Several drugs with a range of different vertebrate drug targets also were detected at high levels in the effluent (e.g., losartan, cetirizine, metoprolol, citalopram, and ranitidine). Because there is a dearth of comprehensive effect data on aquatic vertebrates for the great majority of human pharmaceuticals, it is difficult to conclude that these levels, although much higher than those found in normal sewage effluents [6–8], are sufficiently high to adversely affect fish or amphibians.

In our previous paper [9], we did not investigate the toxicity of the effluent to vertebrates (i.e., organisms that have conserved targets for many of the drugs). In the present study, we wanted to investigate whether or not the effluent from Patancheru Enviro Tech (PETL) could be expected to adversely affect fish and amphibians downstream from the treatment plant.
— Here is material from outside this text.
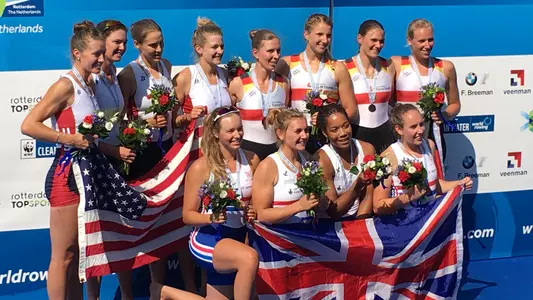 Gammond Great Britain four world championshps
Zebrafish (Danio rerio) and Xenopus frogs have been used widely as laboratory model species to represent their respective animal classes in toxicology testing. Their maintenance is relatively easy in laboratories, spawning is possible all year round, and eggs can be collected in large quantities.

Embryo toxicity was tested in zebrafish based on the method developed by Schulte and Nagel [13], which includes exposure in microwell plates followed by regular embryo observations at different times. The embryo method has been used in various applications including toxicity tests of single chemicals, sediment, and sediment extracts and evaluations of complex mixtures like sewage effluent [14,15]. The method is under consideration within the International Organization for Standardization and Organization for Economic Cooperation and Development as an alternative to acute tests using adult fish [16].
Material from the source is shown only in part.